A guide for practicing safe web.
Security is important, and you can't practice these guidelines without understanding them. Make sure you understand each guideline, why it exists, and how to follow it.
Failing to follow these guidelines will likely put you, your team, and your deployed services at risk of compromise or loss of privacy.
- Use a unique password for every account you create.
- Use a tool like pwgen or 1password to generate random passwords.
- Use a tool like GnuPG to encrypt passwords if you need to share them with somebody.
- Don't store passwords in plain text.
- Don't hash passwords using a reversible cipher.
- Don't hash passwords using a broken cipher, such as MD5 or SHA1.
- Don't accept passwords or session tokens over HTTP.
- Use HTTPS for all web traffic.
- Use HTTPS in the beginning; it's harder to introduce later.
- Use HTTPS redirects for HTTP traffic.
- Use HSTS headers to enforce HTTPS traffic.
- Use secure cookies.
- Avoid protocol-relative URLs.
- Use a PGP signature in an email if you want somebody to trust that you wrote it.

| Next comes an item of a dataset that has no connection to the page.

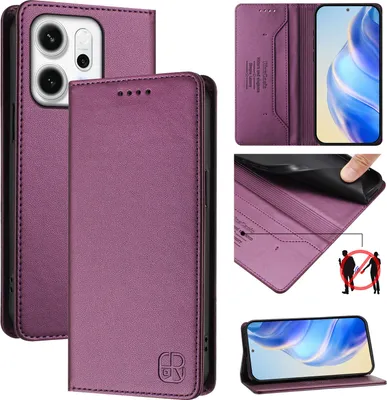 Produktbild von Lederhülle für Oppo Reno14 Hülle Flip Brieftasche Kartenfächern Ständer Schutzhülle Lila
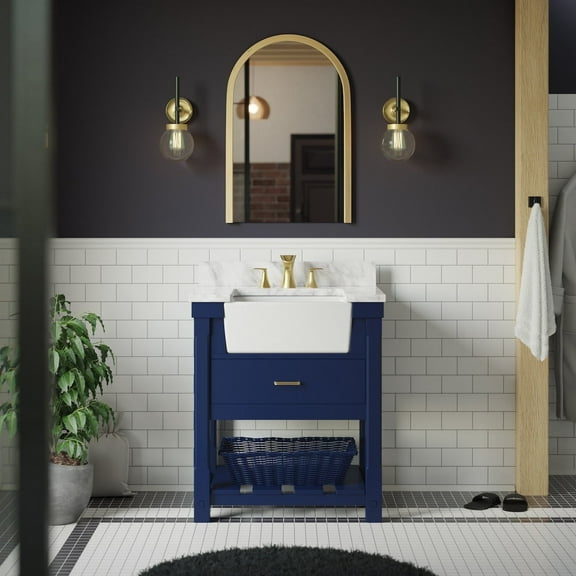Charlotte 30" Farmhouse Bathroom Vanity with Royal Blue Cabinet and Carrara Marble Top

- Use PGP to check email signatures if you want to know who wrote it.
- Use PGP to encrypt emails if you want to be sure nobody but the recipient is reading it.
- Use ultimate trust for your own keys.
- Use full trust for keys you have verified in person or via a secure video chat.
- Don't share your private key with anyone, including services like Keybase.
- Keep at least one backup of your private key and revocation certificate in a secure location, such as a thumb drive.